If the set of meaning is large, the agents probably don’t use a distinct internal representation for each of them. Their representations are most likely constructed from a relatively small number of component types. The interpretation of an internal representation depends on the specific components use to construct it, and how they are configured.
When an agent expresses a meaning, it will, in general, use aspects of the structure of its representation of the meaning in its derivation of the structure of the signal used to express that meaning. The receiver’s interpretation of the signal will make use of the signal’s structure to derive a representation of the meaning it conveys. The derivations performed by the sender and receiver therefore constitute implicit analyses of the relations between the structures of meanings and signals.
The structural derivations performed by the sender and the receiver might have no relation to one another, except that they both involve the same signal, and, if the agents are are lucky, equivalent meanings.
For them to achieve better than chance accuracy, I assume that the members of a population obey a set of negotiated conventions regarding possible derivational relationships between the structures of signals and meanings. These conventions can emerge if senders perform their derivations of signals while considering how receivers might interpret them, and if receivers derive their interpretations of signals while considering how they might have been constructed by senders. By including recursive characterizations of structural properties, the set of conventions can be used to coordinate communication of an unbounded set of meanings with a relatively small set of conventions. Analyses of structural mappings between signals and meanings are used by learners as they attempt to discover the conventions the users of a communication system obey, and as they attempt to perform derivations of signals and meanings in accord with the conventions.

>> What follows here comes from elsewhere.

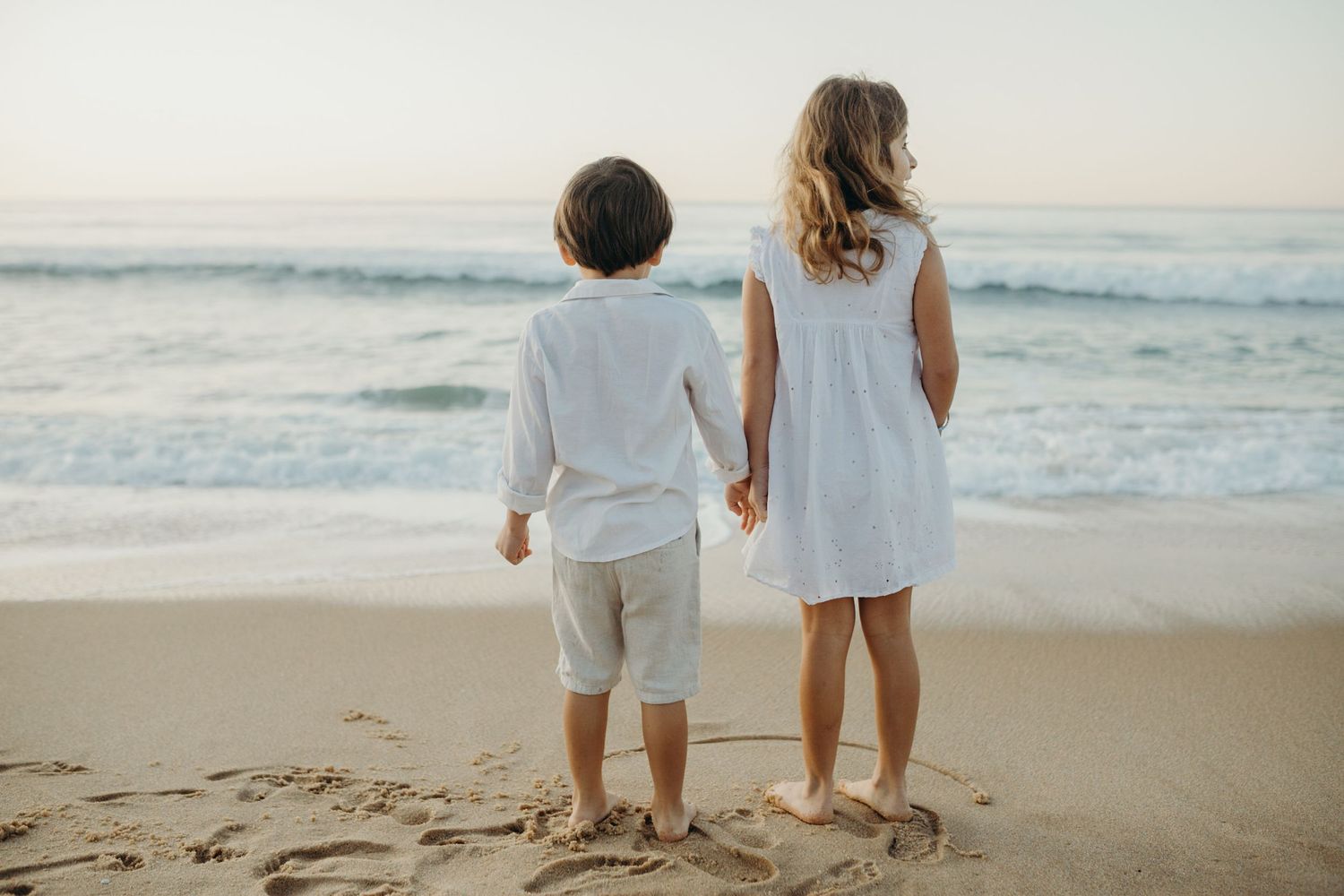 Two children walking along the shoreline in white outfits as waves roll in at sunset.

In this account, syntactic structure is a representation of the conventional aspects of the structural derivations performed by senders and receivers. It is not reducible to the domains of meaning or phonology, although regularities or constraints in either domain may influence aspects of syntactic structure. Other syntactic regularities and constraints can emerge as a result of the negotiation process.
Results from a number of recent computational models consistent with this account suggest that agents with fairly general representational and learning abilities can negotiate communication systems capable of accurately conveying very large numbers of meanings. The systems that emerge from the negotiations incorporate structural regularities and constraints that resemble some aspects of the syntax of human languages.